## Resurrection, Linear Regression, and the Art of Harmonization

Dan Barker has an Easter Challenge to any Christian to come up with a seamless account of what happened on the day of the Resurrection.

The conditions of the challenge are simple and reasonable. In each of the four Gospels, begin at Easter morning and read to the end of the book: Matthew 28, Mark 16, Luke 24, and John 20-21. Also read Acts 1:3-12 and Paul’s tiny version of the story in I Corinthians 15:3-8. These 165 verses can be read in a few moments. Then, without omitting a single detail from these separate accounts, write a simple, chronological narrative of the events between the resurrection and the ascension: what happened first, second, and so on; who said what, when; and where these things happened.

Since the gospels do not always give precise times of day, it is permissible to make educated guesses.
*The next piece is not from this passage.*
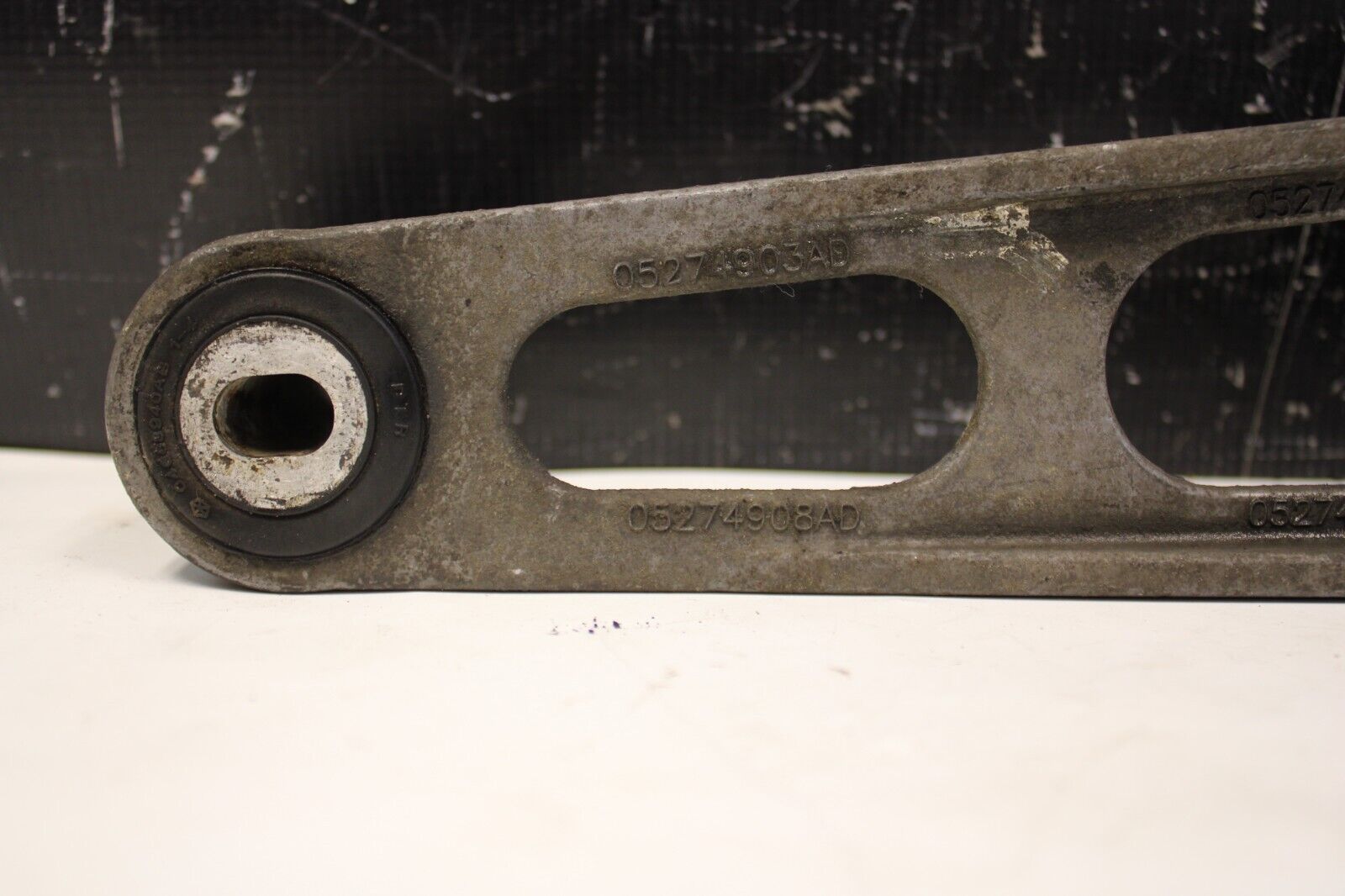 2005 Dodge Neon SRT-4 OEM Engine Mounts Upper and Lower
The narrative does not have to pretend to present a perfect picture–it only needs to give at least one plausible account of all of the facts. Additional explanation of the narrative may be set apart in parentheses. The important condition to the challenge, however, is that not one single biblical detail be omitted.

Andy Bannister has this description, which really is consistent with every detail, and supposed contradiction.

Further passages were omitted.